Toll free number for anyone that has recently travelled or has COVID-19 symptoms: 1-888-975-8601 is being answered from 7:30 a.m. to 7:30 p.m.
- Access to health care services will remain available in all communities 7 days a week.
- All non-urgent requests will be triaged daily.
- Immediate access to urgent and emergent health care services are and will continue to be available 24 hours a day, seven days a week.
- All clients are asked to call before presenting at a health facility.
- In Iqaluit, public health, the emergency room and inpatient unit will remain open.
- Well baby clinics, prenatal visits and immunizations are continuing across Nunavut.
- Physicians will continue community visits. If this is not possible, the visits will be conducted by telehealth or by phone.
- Appointments at health facilities are being triaged, this means the appointment may be over the phone or in person.
- Medical travel services have been reduced to urgent medical travel only.
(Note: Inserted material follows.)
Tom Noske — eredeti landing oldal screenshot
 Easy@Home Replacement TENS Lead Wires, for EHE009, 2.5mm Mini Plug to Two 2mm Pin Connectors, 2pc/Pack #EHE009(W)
Clients will be advised of these changes and involved in discussions.
- In Iqaluit, outpatient clinics and rehab are triaging all appointments and conducting appointments. Lab and Diagnostic Imaging services at QGH are on reduced services. All upcoming appointments are being triaged.
- Mental Health and Addictions has moved to telephone check in and support for some clients. Scheduled appointments for medication pick up and administration remain the same. If you are in crisis, present to the health centre.
- Home visits to administer medications will be treated on a case by case basis.
- Speciality clinics have been cancelled. Work is underway to determine which clients can be seen by phone/virtual care.
- All non-essential travel for mental health clients and families is cancelled. All non-essential travel for families visiting clients in care is cancelled.
Department of Justice Services
The department will continue to develop education and training opportunities that support Inuit employment within justice services.
Closed /Cancelled/Suspended services:
- Given the current situation, the department, in consultation with Algonquin College, has officially cancelled the Program for Inuit Correctional Caseworkers which was set to begin on campus in Ottawa on May 4, 2020.
Department of Environment Services
As of March 26, community harvest support contributions for 21 communities have been processed, and payment will be made on March 27. Those recipients with email transfer capacity will receive the payments immediately. The remainder will have a cheque mailed to them, which will cause some delay in them receiving the funds.
Nunavummiut’s health is our shared responsibility! Remember: wash your hands and surfaces, practise social distancing, listen to the advice of health officials, and stay home if you’re sick.